M. Field and J. F. Kahles in 1967 defined “surface integrity” as a set of modifications in

workpiece surface caused by manufacturing processes. Nowadays the surface integrity is

strongly discussed given the requirements for mechanical components such as performance,

functionality and high reliability. Thus, the surface integrity can play an important role when

using the machined parts for instance in aerospace and automotive industries1.

Low-carbon steels with ultrafine grains (< 5μm) have been significantly studied due to the

gain in mechanical properties aiming at applications in high performance components2.
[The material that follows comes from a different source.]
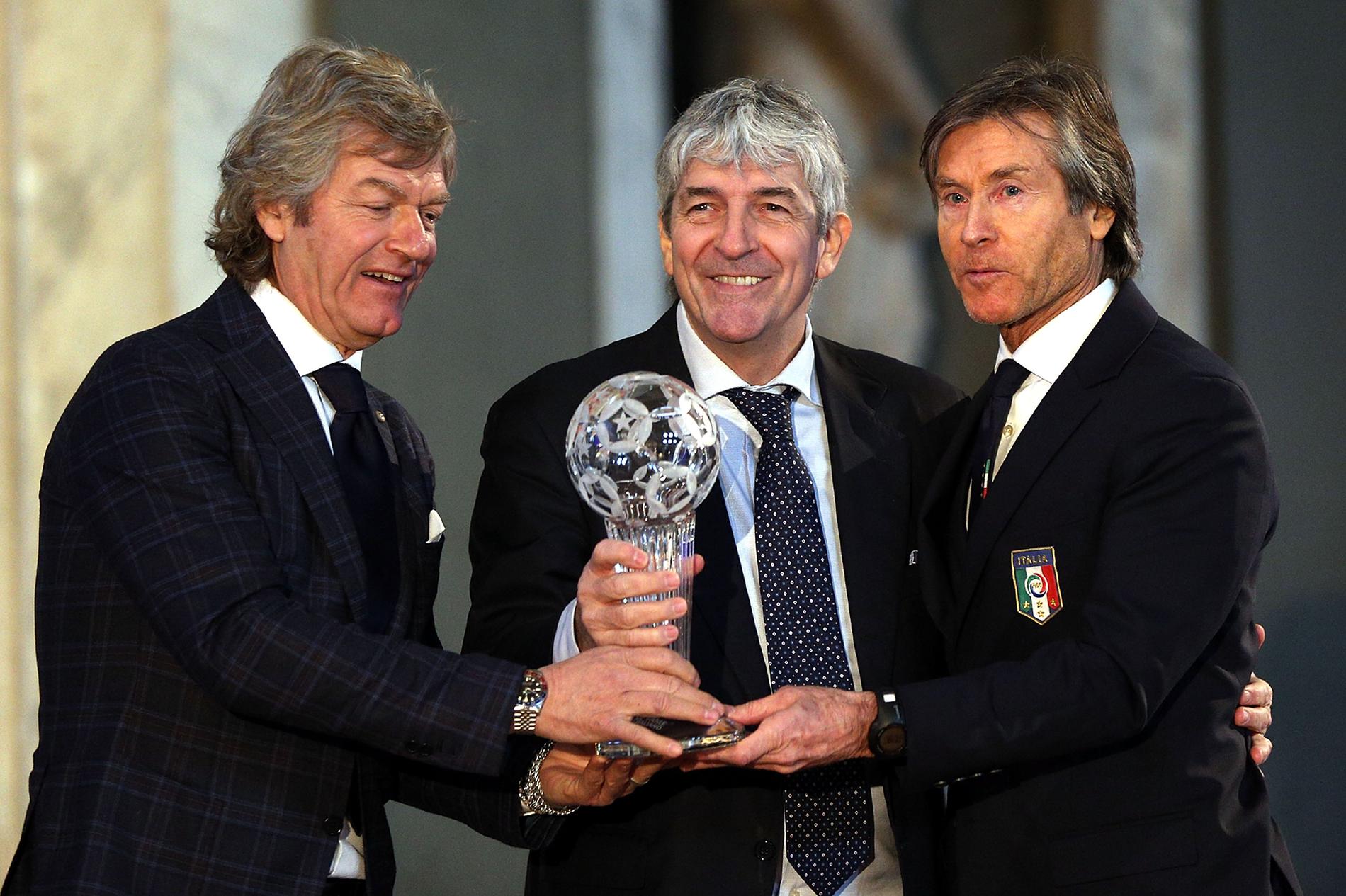 Paolo Rossi (i mitten) blev invald i det italienska fotbollsförbundets Hall of Fame 2017.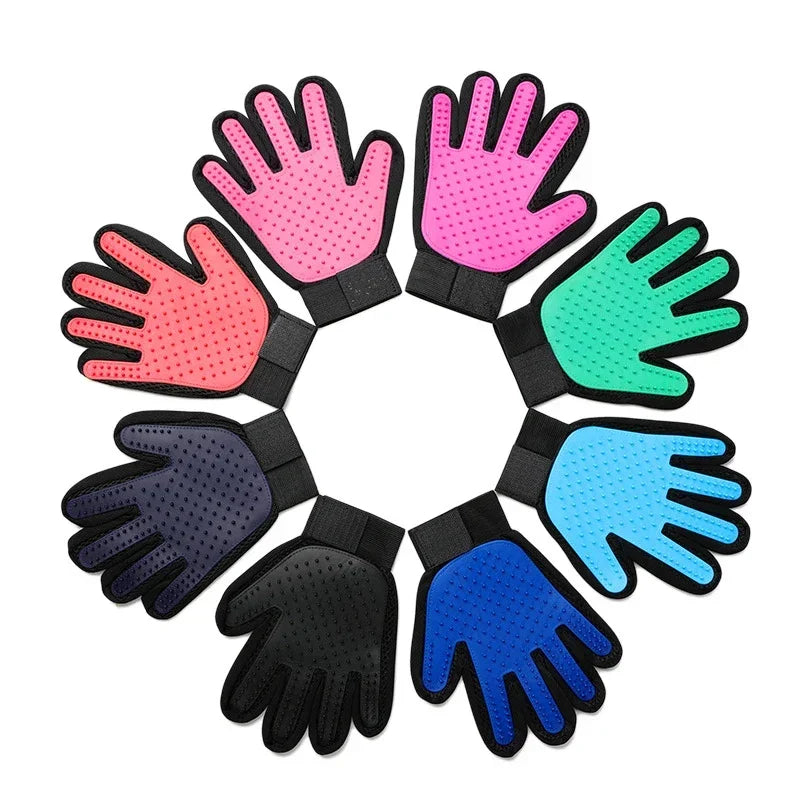 Silicone grooming gloves for cats and dogs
Several processing routes have been formulated for this purpose which are supported by

phenamena like subgrain/grain formation by severe deformations at room temperature,

dynamic transformation of phase induced by deformation, continuous dynamic

recrystallization of ferrite em warm work. There is promising perspectives for application of

ultrafine-grained steels, not only like sheets, but also in parts with greater dimensions, such as

shafts (steering, propulsion, cardan), wheels, impact bars, shock absorbers, universal joints

and toothed racks. Thus, the tendency will be to machine these components adopting

techniques so-called high performance cutting, high-speed machining, micromachining or

high precision machining.

High-Speed Machining (HSM) is industrially defined when cutting speed is elevated and feed

per tooth and depth of cut are diminished normally aiming at finishing operations3. This

technology can be very efficiently applied in aeronautical and automotive industries to

produce dimensionally precise parts4. Some advantages of HSM such as decrease of

temperatures and forces can be decisive for workpiece surface integrity. Despite these

supposed benefits, many scientific results are still contradictory mainly about part surface

integrity.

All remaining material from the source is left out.